From The Daily Texan:

A 76-year-old prisoner walked out of jail, a free man for the first time in 41 years, after a judge dismissed the conviction against him.

Robert Carroll Coney, convicted of a 1962 robbery, exhibited a surprising lack of bitterness as he left Angelina County Jail with his wife on Tuesday.

“I’m going to try to pick up the pieces,” Coney told the Lufkin Daily News in Wednesday’s editions. “If I was angry, what could I do about it?”

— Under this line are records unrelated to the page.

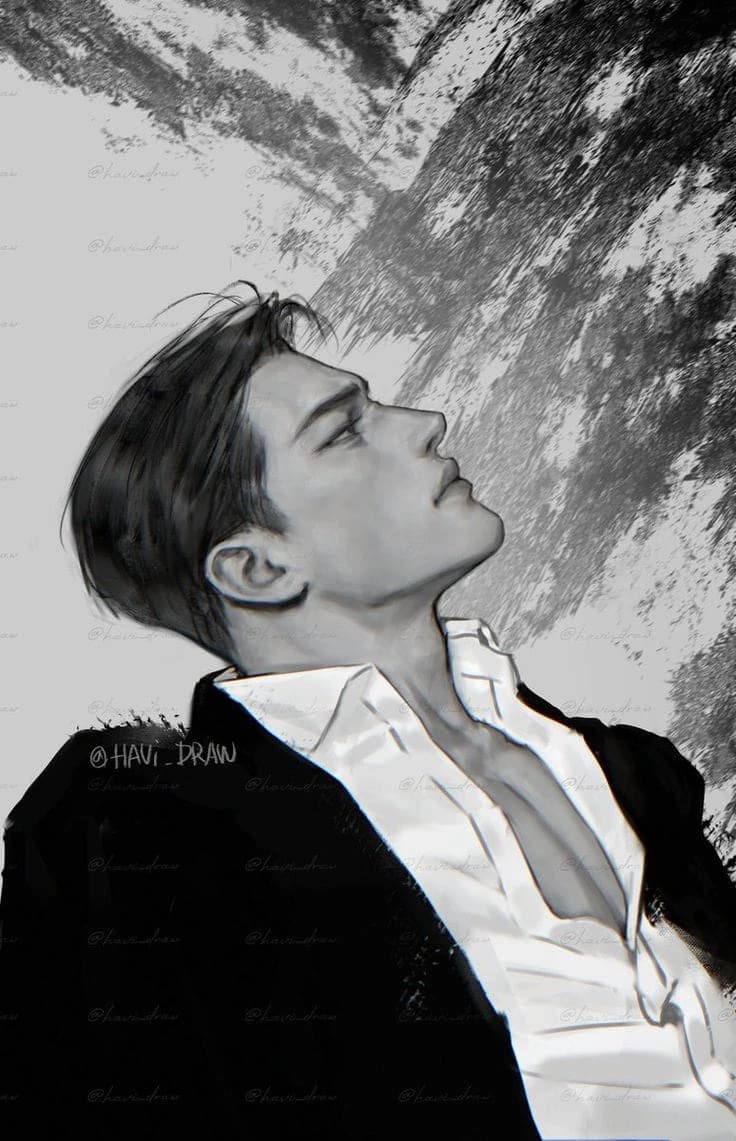 Thumbnail of Sangwoo (BL, top, bully, cold, easy horny)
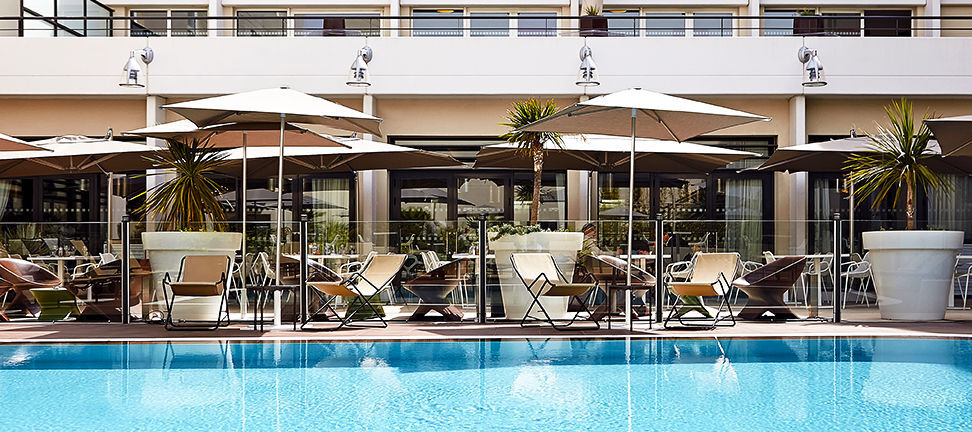 Novotel Avignon Centre ★★★★ - Dernière minute - Élégance & emplacement idéal à Avignon. - Avignon, France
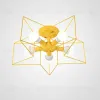 Потолочная люстра ImperiumLoft Asteri 178358-26 178358-26 - 1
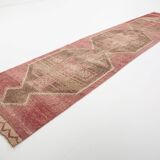 3x14 long persian runner rug, 94x418cm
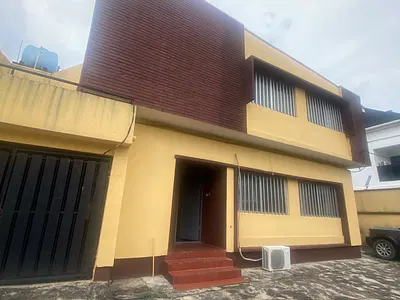 Residential Land with Demolishable Structure — Ikeja, Lagos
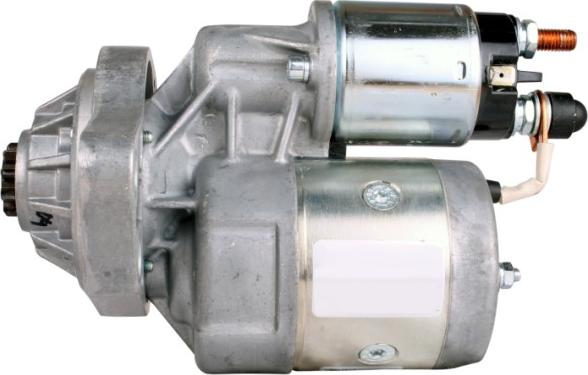 HELLA 8EA 012 526-761 - Starteris autospares.lv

Coney said his identity had been confused with a man he had carpooled with through Lufkin on the day of the crime: March 7, 1962. Court documents state Coney falsely confessed to the crime after Angelina County deputies broke his hand, the Daily News reported.

Not only was his confession inadmissible, but 41 years for a robbery? (Though, apparently he escaped from time-to-time and no doubt prolonged his jail time.)

Link via Talk Left.

It’s the birthday

… of Zerna Sharp, born in Hillisburg, Indiana, on this date in 1889. According to The Writer’s Almanac, Ms. Sharp is the woman who —

invented the characters Dick and Jane to help teach children how to read…Sharp’s idea was to use pictures and repetition to teach children new words. She took her idea to Dr. William S. Gray, who had been studying the way children learn to read, and he hired her to create a series of textbooks. She didn’t write the books, but she created the characters Dick, Jane, their sister Sally, their dog Spot, and their cat Puff. Each story introduced five new words, one on each page.